Atravesó dos ríos caudalosos, escuchando su
ruido como cataratas de otros mundos precipitándose sordas en los abismos,
estrellándose en los cristales muy abajo entre la espuma rebelde y agonizante
que nacía y moría al mismo tiempo. Esos ríos estaban repletos de peces iluminados
como las luces en las avenidas de una gran ciudad. Entonces, asombrados por esa
maravilla, dieron tres vueltas y bajaron para mirar de cerca los peces de luz subiendo y bajando en el río en
un juego interminable con ellos mismos y con el agua, consumiéndose y saltando otra
vez en la superficie de colores. “La naturaleza tiene cosas raras”, dijo el ave
buscando la dirección para seguir su ruta.
Fresno miró de nuevo el río.
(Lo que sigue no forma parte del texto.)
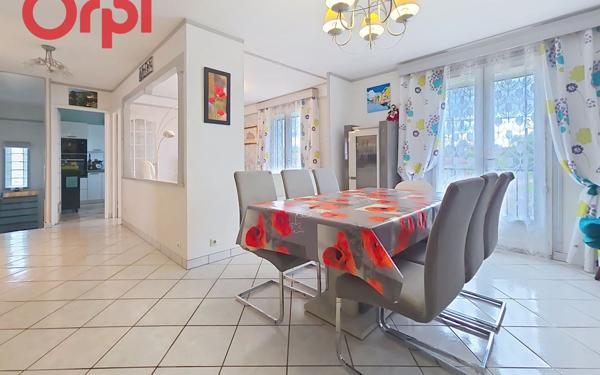 Maison à vendre    5 pièces • 113,30 m2 Randan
No olvidarìa nunca ese espectáculo
asombroso. Los peces iluminados lo dejaron callado, igual que a Coyaima.
Volaron sobre
valles dormidos. Dejaron atrás, lagos extensos como ojos gigantes en vigilia,
las llanuras retrocedían también. Bosques soñolientos, se quedaban cabizbajos
con los secretos guardados en sus raíces, en sus flores y sus hojas.
Mientras se ponía
la chaqueta y se acomodaba entre las plumas, Coyaima comentó en voz alta “Viajar
aquí es mejor que ir en globo, es mas desafiante ”. “Claro. Se siente la fuerza
del cóndor, se tiene visión de la tierra y se siente el viento con gran furor”,
contestó Fresno.
Quizás por el veneno
de las flechas y por las hondas quemaduras, el pájaro sintió sueño.
Algo raro estaba pasando
en su cabeza. Tenía pesadillas, roncaba y graznaba al mismo tiempo, en extrañas
convulsiones. Cabeceaba en eléctricos movimientos y en escalofrios incontrolados.
Se le escurría la baba. En las narices le hervía la espuma, y las garras se le encogían
en espasmos, lo mismo que las alas que se le desgonzaban involuntarias.
Descendían
peligroso en el hondo espacio.
La caída del pájaro asustó a los jóvenes que escucharon
gritar al ave “No me las corten no me las corten, no me hagan ese mal porque
pierdo la fuerza y el poder. Por favor no, no”.